- Source: Abiye Teklemariam
Abiye Teklemariam Megenta, also known as Abiye Teklemariam, is an Ethiopian print and radio journalist who co-founded the defunct Addis Neger, which was the largest private newspaper in Ethiopia before its closure in December 2009. Three top editors of the newspaper quietly slipped out of the country, accusing the Ethiopian government of relentless intimidation, harassment and persecution. Abiye, who was the newspaper's executive editor, had left the country two months earlier for the United Kingdom.
On a BBC interview, he staunchly defended the decision of his colleagues to leave the country, claiming that the government's plan to bring charges against the newspaper's top editors made their tasks impossible to carry out.
Presently, he is a vocal democracy activist and a student in Oxford, England.
Career
A lawyer and political theorist by training, Abiye started his media career writing on legal issues of the Eritrean-Ethiopian War (1998–2000) on Ethiopian Reporter, a private weekly newspaper.

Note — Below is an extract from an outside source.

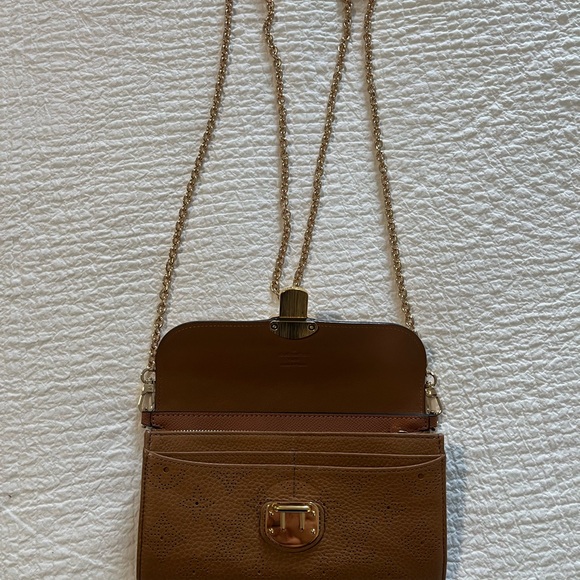 Louis Vuitton Mahina Iris Amelia Wallet - Picture 14 of 16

He later wrote a mea culpa questioning his early “unskeptical” support of the war, in which he lamented that the war's popular support arose from jingoistic conceptions of patriotism. He criticized the forced expulsion of Eritreans from Ethiopia as a travesty of human values. His view was attacked for being insufficiently sensitive of political reality. He suggested that the two countries should adopt the European Union's economic and political model to avoid subsequent wars.
Abiye found fame in sports analysis. Blunt and intentionally contrarian, he complimented the famous Fiseha Tegegn’s authoritative style on "Talk Football", a Sunday football talk show co-presented by the duo. The talk show was discontinued by the Ethiopian government, following the bloody protests of June 2005. The government accused both presenters of supporting an unlawful insurrection. He is an editor in reporter newspaper
Politics
Abiye describes himself as a Post-Rawlsian liberal, although he has never defined what it means. In one of his blogs, he suggested that the principle of Justice as Fairness that is associated with the American philosopher John Rawls can be modified by adopting some salient points raised by Rawls' "identity and difference" critics to form a coherent system of thought that can solve Ethiopia's fundamental political problems. He argued that Liberalism had answers to the issues of language, identity and poverty. In his early writing, he supported the current federal arrangement in Ethiopia but said the power of interpreting the constitution should not be vested upon the upper chamber of parliament. He claimed that a strong inter-state commerce provision in the constitution coupled with a hybrid presidential/parliamentary system and a judiciary that has a power to interpret the constitution could strengthen the union without endangering the federal arrangement. In recent years, he has been silent on this issue.
He mainly blogs about politics now, and often criticizes Ethiopian government of perpetrating human rights abuses and closing spaces of democratic participation. He says two political issues - government co-optation and fake growth numbers - are his obsessions now.
Controversy
After the Ethiopian general election in 2005, Abiye turned into a vociferous critic of the government, sometimes writing articles riddled with statistical analysis, which he said could prove that the EPRDF might have lost the election. But he stopped short of calling for the overthrow of the government. The paper he edited was shut down in December 2005. He had been arrested by the police. In 2010, the government charged Abiye and five other journalists under the country's anti-terrorism law. An Ethiopian judge sentenced Abiye to eight years in prison, citing his role in providing outlawed opposition groups a platform to disseminate anti-government propaganda on his website. Abiye called the prosecution a politically motivated attack on dissent.
In September 2009, Addis Neger newspaper wrote an editorial believed to be authored by Abiye and his colleague Mesfin Negash that questioned the journalistic value of balance. The editorial said Addis Neger believed that the fundamental journalistic ideal was truth and journalists could not reach the truth by splitting the difference or giving equal lines to competing claims. Addis Neger professed to follow rigorous social science methods in investigating issues. "What differentiates our approach from academic works is not methodology," the paper declared. "It is writing style and presentation. We believe journalists are social scientists. No social scientist worthy of his profession reaches conclusions by balancing competing claims." In response to this editorial, the state media said Addis Neger had exposed that it was not independent.
Styles of writing
Abiye and his colleagues at Addis Neger were known for a distinctive writing technique which mixed long narratives with analysis. Supporters of the Ethiopian government accused them of using this style to repeatedly cast doubts on the government's core policy successes. Abiye wrote articles which questioned the government's growth figures, inflation curbing policies, mega-dam projects, human rights records and foreign policy. He was, however, very critical of most of the opposition parties even though in the last days of Addis Neger he wrote articles which praised Medrek, a coalition of eight opposition parties. In interviews, he expressed his support for Medrek's goal of mid-way solution for Ethiopia and praised the coalition's democratic aspirations. He was also criticized for his support to jailed opposition leader Birtukan Mideksa.
In 2007, Abiye reported the US elections from Washington DC. He was accused of lack of objectivity as some of his articles had visible pro-Obama slant. Abiye was also generally criticized for strong Neo-liberal views in most of his writings and his apparent links with Western policy makers. In a country where newspapers repeatedly went out of business owing to government pressure, Addis Neger's closure prompted unusually strong reactions from Western countries.